**Dataset records**.
########################################

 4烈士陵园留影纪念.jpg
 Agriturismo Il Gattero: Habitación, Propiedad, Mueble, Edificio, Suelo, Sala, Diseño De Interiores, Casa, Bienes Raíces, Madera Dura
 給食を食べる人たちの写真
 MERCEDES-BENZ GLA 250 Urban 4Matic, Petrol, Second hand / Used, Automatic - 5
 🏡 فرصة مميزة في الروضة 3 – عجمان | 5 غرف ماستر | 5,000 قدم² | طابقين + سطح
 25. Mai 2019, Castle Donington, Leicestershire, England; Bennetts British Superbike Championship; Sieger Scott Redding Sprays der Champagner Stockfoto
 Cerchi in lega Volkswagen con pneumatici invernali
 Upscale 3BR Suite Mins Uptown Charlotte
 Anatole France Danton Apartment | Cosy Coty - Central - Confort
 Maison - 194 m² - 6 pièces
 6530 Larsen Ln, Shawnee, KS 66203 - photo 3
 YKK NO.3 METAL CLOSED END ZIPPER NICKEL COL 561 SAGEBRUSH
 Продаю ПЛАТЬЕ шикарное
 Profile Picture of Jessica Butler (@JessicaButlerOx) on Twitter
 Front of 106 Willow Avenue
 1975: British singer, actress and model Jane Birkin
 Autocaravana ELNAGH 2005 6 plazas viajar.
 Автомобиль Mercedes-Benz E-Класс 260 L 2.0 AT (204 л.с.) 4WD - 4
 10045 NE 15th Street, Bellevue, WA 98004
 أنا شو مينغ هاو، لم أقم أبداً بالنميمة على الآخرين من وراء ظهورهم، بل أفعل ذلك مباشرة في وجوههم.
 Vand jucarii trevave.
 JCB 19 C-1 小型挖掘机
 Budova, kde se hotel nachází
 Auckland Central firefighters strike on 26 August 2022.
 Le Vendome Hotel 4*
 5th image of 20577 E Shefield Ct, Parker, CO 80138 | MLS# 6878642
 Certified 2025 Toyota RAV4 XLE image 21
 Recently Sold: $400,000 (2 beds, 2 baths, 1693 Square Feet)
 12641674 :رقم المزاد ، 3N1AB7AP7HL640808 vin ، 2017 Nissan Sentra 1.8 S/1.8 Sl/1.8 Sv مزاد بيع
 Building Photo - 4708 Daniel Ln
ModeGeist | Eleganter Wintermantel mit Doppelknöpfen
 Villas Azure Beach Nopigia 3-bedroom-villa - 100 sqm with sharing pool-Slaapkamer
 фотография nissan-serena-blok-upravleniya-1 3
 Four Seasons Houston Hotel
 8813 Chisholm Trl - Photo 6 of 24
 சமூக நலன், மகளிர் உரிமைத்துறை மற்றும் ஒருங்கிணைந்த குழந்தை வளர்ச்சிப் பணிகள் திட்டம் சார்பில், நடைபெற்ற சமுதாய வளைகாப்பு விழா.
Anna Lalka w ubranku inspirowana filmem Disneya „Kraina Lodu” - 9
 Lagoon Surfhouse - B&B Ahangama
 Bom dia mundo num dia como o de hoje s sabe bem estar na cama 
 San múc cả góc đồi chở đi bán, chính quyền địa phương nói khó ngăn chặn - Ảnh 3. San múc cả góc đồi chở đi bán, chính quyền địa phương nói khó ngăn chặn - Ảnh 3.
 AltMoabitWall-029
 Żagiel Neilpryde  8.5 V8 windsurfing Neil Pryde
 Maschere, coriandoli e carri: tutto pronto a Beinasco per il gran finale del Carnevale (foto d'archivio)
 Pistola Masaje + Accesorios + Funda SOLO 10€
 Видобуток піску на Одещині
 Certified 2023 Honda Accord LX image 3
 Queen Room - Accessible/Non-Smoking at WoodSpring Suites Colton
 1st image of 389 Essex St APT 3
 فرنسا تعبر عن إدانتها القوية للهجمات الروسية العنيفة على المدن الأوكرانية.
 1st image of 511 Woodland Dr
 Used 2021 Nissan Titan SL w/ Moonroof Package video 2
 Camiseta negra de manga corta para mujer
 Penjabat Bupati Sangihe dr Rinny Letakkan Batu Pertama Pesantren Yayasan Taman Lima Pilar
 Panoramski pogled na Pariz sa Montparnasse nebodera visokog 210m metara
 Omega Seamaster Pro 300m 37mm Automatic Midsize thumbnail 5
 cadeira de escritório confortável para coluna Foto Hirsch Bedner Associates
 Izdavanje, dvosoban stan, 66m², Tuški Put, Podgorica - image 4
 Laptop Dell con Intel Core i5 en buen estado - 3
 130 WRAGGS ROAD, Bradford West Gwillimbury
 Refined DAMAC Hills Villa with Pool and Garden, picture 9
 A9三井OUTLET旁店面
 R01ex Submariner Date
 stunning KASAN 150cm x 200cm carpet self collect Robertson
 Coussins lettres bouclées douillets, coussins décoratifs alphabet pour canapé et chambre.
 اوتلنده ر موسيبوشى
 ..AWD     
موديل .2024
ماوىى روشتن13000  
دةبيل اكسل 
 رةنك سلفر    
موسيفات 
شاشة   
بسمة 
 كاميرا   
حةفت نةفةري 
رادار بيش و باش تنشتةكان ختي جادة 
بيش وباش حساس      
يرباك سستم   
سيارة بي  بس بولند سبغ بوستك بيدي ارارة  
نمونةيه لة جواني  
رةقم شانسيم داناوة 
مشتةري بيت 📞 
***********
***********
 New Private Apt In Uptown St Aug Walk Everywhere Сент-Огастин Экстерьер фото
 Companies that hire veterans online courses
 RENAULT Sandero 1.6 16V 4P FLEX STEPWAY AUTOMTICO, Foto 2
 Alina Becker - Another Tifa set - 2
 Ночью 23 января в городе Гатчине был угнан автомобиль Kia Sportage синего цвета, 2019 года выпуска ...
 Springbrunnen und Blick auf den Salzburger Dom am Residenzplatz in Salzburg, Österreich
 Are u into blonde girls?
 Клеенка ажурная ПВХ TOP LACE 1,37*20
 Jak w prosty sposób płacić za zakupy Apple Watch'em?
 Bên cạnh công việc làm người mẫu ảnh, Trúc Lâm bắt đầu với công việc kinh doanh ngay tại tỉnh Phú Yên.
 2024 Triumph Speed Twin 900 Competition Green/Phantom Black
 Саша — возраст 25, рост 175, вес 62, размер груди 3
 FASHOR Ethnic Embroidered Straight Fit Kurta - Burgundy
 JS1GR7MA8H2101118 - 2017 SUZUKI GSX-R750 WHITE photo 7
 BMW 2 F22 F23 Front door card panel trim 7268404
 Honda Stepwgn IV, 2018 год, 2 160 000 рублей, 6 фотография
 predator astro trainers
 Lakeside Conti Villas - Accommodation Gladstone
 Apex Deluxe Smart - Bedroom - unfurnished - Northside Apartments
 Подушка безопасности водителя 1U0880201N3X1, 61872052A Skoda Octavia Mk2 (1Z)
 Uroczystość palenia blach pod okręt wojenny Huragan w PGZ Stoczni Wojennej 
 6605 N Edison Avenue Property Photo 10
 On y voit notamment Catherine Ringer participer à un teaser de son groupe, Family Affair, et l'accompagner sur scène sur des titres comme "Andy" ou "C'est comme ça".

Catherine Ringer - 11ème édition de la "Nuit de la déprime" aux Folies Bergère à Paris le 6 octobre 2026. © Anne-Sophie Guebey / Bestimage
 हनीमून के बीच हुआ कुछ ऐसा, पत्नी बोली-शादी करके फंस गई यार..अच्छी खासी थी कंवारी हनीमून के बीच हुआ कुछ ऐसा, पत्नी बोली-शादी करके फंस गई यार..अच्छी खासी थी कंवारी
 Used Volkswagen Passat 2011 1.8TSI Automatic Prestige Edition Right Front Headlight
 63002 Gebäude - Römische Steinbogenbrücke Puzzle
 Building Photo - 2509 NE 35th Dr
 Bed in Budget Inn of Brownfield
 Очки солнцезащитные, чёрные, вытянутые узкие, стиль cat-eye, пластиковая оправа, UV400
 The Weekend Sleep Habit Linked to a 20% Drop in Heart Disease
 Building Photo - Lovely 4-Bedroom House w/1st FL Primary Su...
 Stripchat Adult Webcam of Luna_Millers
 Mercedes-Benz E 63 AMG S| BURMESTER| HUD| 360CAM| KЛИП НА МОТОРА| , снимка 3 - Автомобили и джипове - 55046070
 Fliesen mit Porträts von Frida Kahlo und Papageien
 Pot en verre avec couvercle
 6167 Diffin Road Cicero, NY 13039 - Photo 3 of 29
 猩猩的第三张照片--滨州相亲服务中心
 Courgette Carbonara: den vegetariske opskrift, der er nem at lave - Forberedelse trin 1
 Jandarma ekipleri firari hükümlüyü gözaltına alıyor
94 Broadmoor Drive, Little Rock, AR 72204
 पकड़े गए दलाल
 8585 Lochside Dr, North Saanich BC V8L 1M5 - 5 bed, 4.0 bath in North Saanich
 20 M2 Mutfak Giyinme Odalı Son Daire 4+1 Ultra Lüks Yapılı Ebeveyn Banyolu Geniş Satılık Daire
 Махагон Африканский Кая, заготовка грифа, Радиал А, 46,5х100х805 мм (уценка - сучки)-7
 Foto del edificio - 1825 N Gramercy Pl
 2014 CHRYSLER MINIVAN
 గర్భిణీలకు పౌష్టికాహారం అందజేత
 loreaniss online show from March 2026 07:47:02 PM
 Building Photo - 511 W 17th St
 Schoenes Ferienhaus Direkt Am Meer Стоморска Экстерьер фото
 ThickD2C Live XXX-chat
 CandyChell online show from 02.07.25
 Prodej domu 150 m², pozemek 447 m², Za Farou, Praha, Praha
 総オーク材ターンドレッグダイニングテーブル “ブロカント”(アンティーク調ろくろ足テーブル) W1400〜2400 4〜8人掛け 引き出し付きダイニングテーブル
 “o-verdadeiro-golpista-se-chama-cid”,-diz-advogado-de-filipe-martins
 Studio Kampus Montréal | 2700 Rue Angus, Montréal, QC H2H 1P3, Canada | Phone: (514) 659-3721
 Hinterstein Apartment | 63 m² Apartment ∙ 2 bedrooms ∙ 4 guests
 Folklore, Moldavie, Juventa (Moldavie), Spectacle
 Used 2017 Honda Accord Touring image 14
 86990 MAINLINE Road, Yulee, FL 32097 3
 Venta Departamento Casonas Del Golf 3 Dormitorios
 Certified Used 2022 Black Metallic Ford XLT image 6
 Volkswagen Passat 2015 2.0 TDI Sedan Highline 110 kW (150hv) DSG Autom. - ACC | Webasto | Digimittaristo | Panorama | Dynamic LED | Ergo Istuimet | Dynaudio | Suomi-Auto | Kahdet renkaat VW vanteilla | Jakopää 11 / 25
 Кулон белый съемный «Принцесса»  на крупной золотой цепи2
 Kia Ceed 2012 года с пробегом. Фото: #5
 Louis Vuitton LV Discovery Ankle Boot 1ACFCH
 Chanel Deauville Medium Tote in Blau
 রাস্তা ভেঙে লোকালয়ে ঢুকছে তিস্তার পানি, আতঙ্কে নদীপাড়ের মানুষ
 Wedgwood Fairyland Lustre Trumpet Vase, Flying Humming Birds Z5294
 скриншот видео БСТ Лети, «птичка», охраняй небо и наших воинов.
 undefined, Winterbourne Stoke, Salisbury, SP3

########################################

**Exercise requirements**. Final part of the records: return the line that contains "86990 MAINLINE Road, Yulee, FL 32097 3" and every line after it, exactly, with no other lines added.

**Written response**.
 86990 MAINLINE Road, Yulee, FL 32097 3
 Venta Departamento Casonas Del Golf 3 Dormitorios
 Certified Used 2022 Black Metallic Ford XLT image 6
 Volkswagen Passat 2015 2.0 TDI Sedan Highline 110 kW (150hv) DSG Autom. - ACC | Webasto | Digimittaristo | Panorama | Dynamic LED | Ergo Istuimet | Dynaudio | Suomi-Auto | Kahdet renkaat VW vanteilla | Jakopää 11 / 25
 Кулон белый съемный «Принцесса»  на крупной золотой цепи2
 Kia Ceed 2012 года с пробегом. Фото: #5
 Louis Vuitton LV Discovery Ankle Boot 1ACFCH
 Chanel Deauville Medium Tote in Blau
 রাস্তা ভেঙে লোকালয়ে ঢুকছে তিস্তার পানি, আতঙ্কে নদীপাড়ের মানুষ
 Wedgwood Fairyland Lustre Trumpet Vase, Flying Humming Birds Z5294
 скриншот видео БСТ Лети, «птичка», охраняй небо и наших воинов.
 undefined, Winterbourne Stoke, Salisbury, SP3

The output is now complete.